Use fakeroot to build debs unless run as root

[michaelweghorn]

As the documentation states, file ownerships and permissions inside Debian packages are incorrect unless epm is run as root or with the fakeroot command.

Use "fakeroot" inside epm to create the Debian packages to ensure that ownerships and permissions are correct without the user having to take care explicitly.

EPM's documentation currently states:

To ensure that all file permissions and ownerships are correct, you must build the distribution as the root user or use the fakeroot software, introducing potential security risks and violating many corporate security policies.

I am not sure what exactly this means. Does it refer to running as root or to running with fakeroot?
So far, I've never heard that using fakeroot introduces any security issues. fakeroot's man page itself says:

SECURITY ASPECTS
fakeroot is a regular, non-setuid program. It does not enhance a user's privileges, or decrease the system's security.

[michaelweghorn]

I have no experience with those, but this can probably be extended so that fakeroot is used for the other package formats that have to be built as root to have proper ownerships.
Please let me know what you think and I can have a look.

[michaelrsweet]

Investigating... the documentation change was made 17 years ago (!) to add a reference to the fakeroot software, and the original warning was about running as root, so I think the comment is about running as root and not about fakeroot being bad... :/

As for extending things, fakeroot is unique to Linux and IIRC dpkg is the only format on Linux that needs it...

[michaelweghorn]

Thanks!

I just saw that there are two more cases in epm.c for which a similar warning is emitted if not run as root (but do not even know what "Tru64" refers to nor ever have had to do with HP-UX...):

    case PACKAGE_SETLD :
        if (geteuid())
	  fputs("epm: Warning - file permissions and ownership may not be correct\n"
	        "     in Tru64 packages unless you run EPM as root!\n", stderr);

        i = make_setld(prodname, directory, platname, dist, &platform);
	break;
    case PACKAGE_SWINSTALL :
        if (geteuid())
	{
	  fputs("epm: Error - HP-UX packages must be built as root!\n", stderr);
          i = 1;
	}
	else
          i = make_swinstall(prodname, directory, platname, dist, &platform);
	break;

[michaelweghorn]

I updated the commit since an else was missing (after some last-minute "optimization" before creating the merge request...).

[michaelweghorn]

I updated the commit since an else was missing (after some last-minute "optimization" before creating the merge request...).

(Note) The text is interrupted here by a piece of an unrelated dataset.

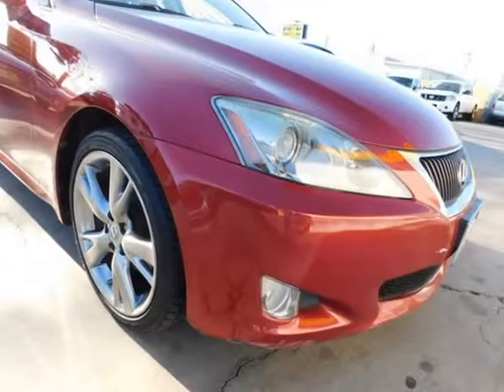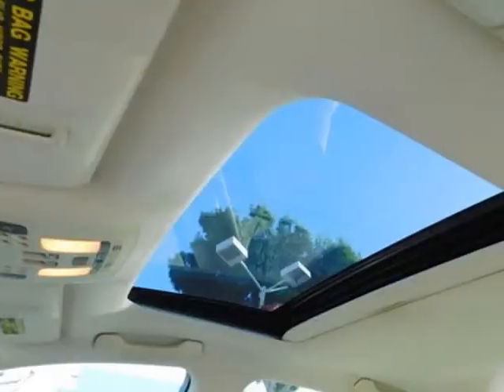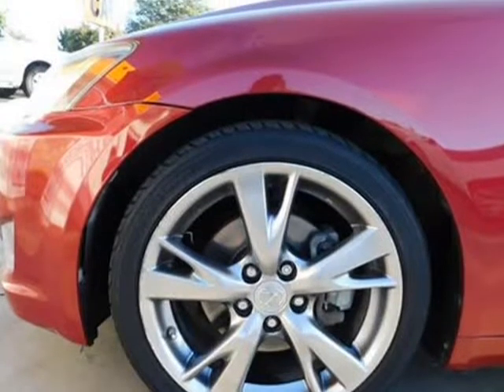Climate control, dual-zone AC, air conditioning, cruise control, keyless entry, power driver mirror, power steering, tilt wheel, steering wheel controls, rear parking aid, backup camera, cooled driver seat.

And just did another minor change (else if on new line) to match the existing code style.

[michaelrsweet]

@michaelweghorn Tru64 == Digital UNIX == OSF/1 - all products of the old Digital Equipment Corporation (DEC) of VAX fame. They were bought out by Compaq who was bought by HP a long long time ago now. HP-UX is/was HP's branded UNIX OS.

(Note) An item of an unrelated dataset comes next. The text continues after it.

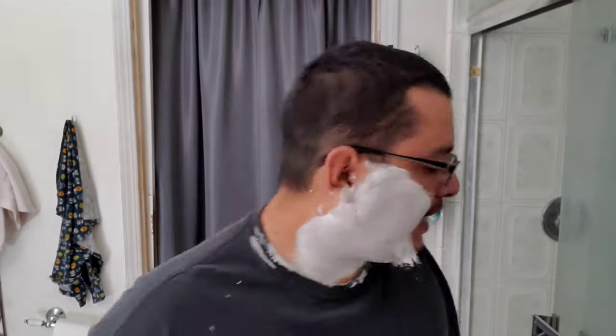Oh yeah, there we go. Great second pass — that was much better, that's what a shave should be. That first pass was not up to par at all. I'm flying through this — we're about 10 minutes in and I'm already almost done. Oh, my favorite pass — the against-the-grain pass.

I keep debating whether to pull support for the old legacy operating systems, but that would really just leave macOS and Linux and there are a lot of better options these days - pkgbuild/Homebrew/etc. on macOS and snapcraft/AppImage/docker/etc. on Linux - that handle the dependency and isolation/namespace issues much better...

[michaelweghorn]

@michaelrsweet: Thanks for the explanation!